I wouldn’t be where I’m at right now in my career – sports journalist turned REVIVE Youth Pastor and Ministries Director at our church – if not for learning the art of giving of my time through prayer and sacrificing my appetite through fasting. During a season of lacking satisfaction in my life in the spring of 2011, I got down to business with God like never before in my prayer and devotional life. I put prayer above doing other things in my life and fasted my lunches for a month. Boy, did I ever receive through that season of giving!
God began a dramatic transformation of giving me a passion for people inside and outside of the church like never before. He brought mentors and people of impact into my life that I would’ve never connected with in such fashion on my own.
And through the fasting, that was the beginning of me dropping about 40-50 pounds – oh, the marriage weight I had put on!
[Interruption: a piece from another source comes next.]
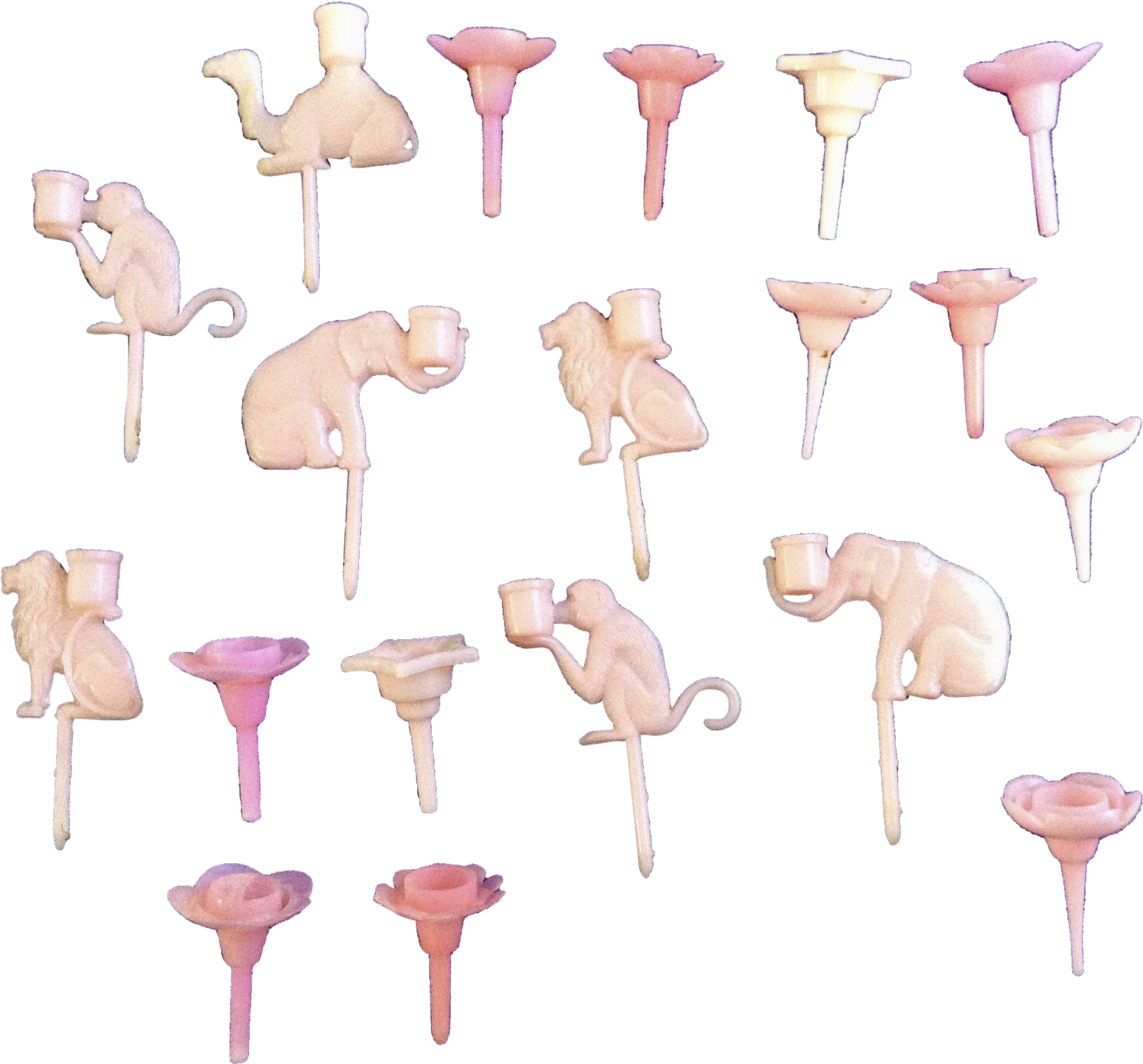 M#century 19 Birthday Pink Plastic Cake Toppers Circus - Cartoon (1632x1632), Png Download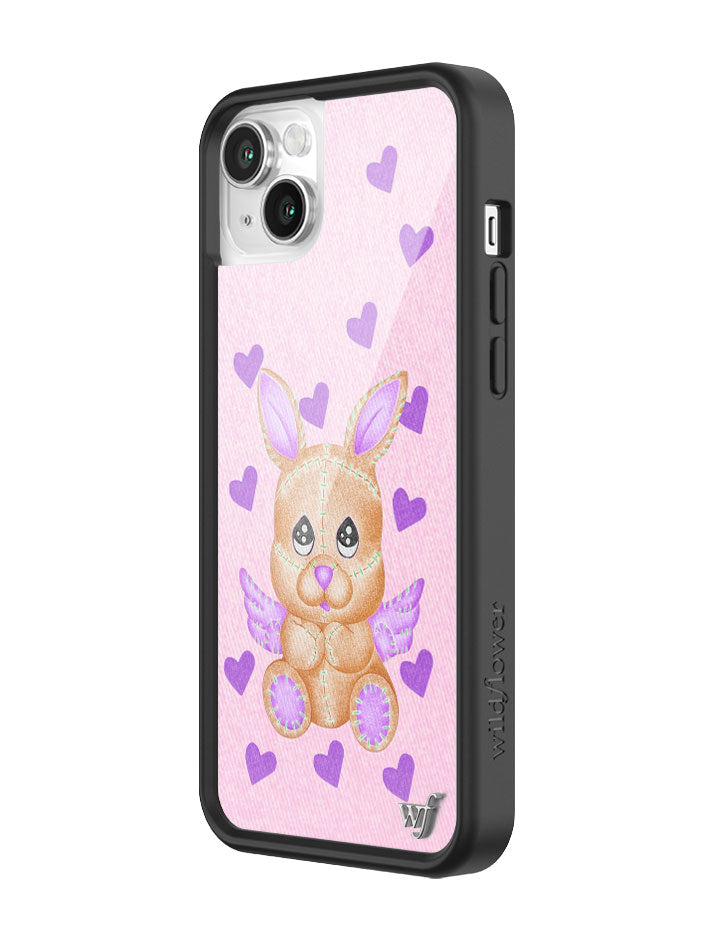Love Stitched iPhone Case with Bunny and Heart Print - Image 16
And I never even thought about my fasting being a great getting-into-shape plan while doing it that month.
In fact, my current eating and heavy-water intake habits are based out of that season of prayer and fasting from over four years ago.
When Jesus fed the 5,000 men in John (there was an estimated 10,000-15,000 additional women and children that also partook that were situated away from the 5,000 in accordance with the culture of that day), a young, poor boy was willing to give up his basket of five small barley loaves and two small fish to make this popular miracle happen.
Think about it, the boy could’ve hid the basket so at least he could’ve been nourished. He knew he was among thousands of growling stomachs. But the boy gave up his basket to launch an epic miracle, as Jesus turned the unglamorous meal from the unnamed boy into the most glamorous all-you-can-eat buffet of all time.
Jesus fed thousands and thousands of people to their stomachs were content and had 12 basketfuls left over. So in giving up his basket, the boy was at the center of Jesus’ fine work plus he got to chow down on more food in the process than if he would’ve kept his basket to himself. Total win-win!
So if you’re struggling in any facet of life or dealing with frustration and heartache, now is not the time to retreat into a me-myself-and-I world.
Let this be the season you give your best to God through your time, energy, finances, relationships and resources. And then be prepared for Him to make a paradox out of your giving.
Dallas Cogle is the REVIVE Youth Pastor and Ministries Director at Calvary Grace. He and his wife, Megan, have two daughters, Riley, 6, and Carson, 3. Dallas grew up in Calvary Grace from the age of 12 on as the oldest of two preacher’s kids. His father, Pastor Tom Cogle, is still the church’s lead pastor. Dallas just made the career jump from sports journalist of nearly 16 years for Southern Maryland Newspapers to full-time staff pastor of Calvary Grace last December. Dallas led the youth ministry during most of his years as a sports journalist. He graduated from Evangel University with a degree in Broadcast-Communications in 1998 and was afforded different TV and radio opportunities during his time in journalism. Dallas’ passion is to see Calvary Grace evolve into a Southern Maryland community leader of connecting people of all ages to their God-given potential through a relationship with the Almighty.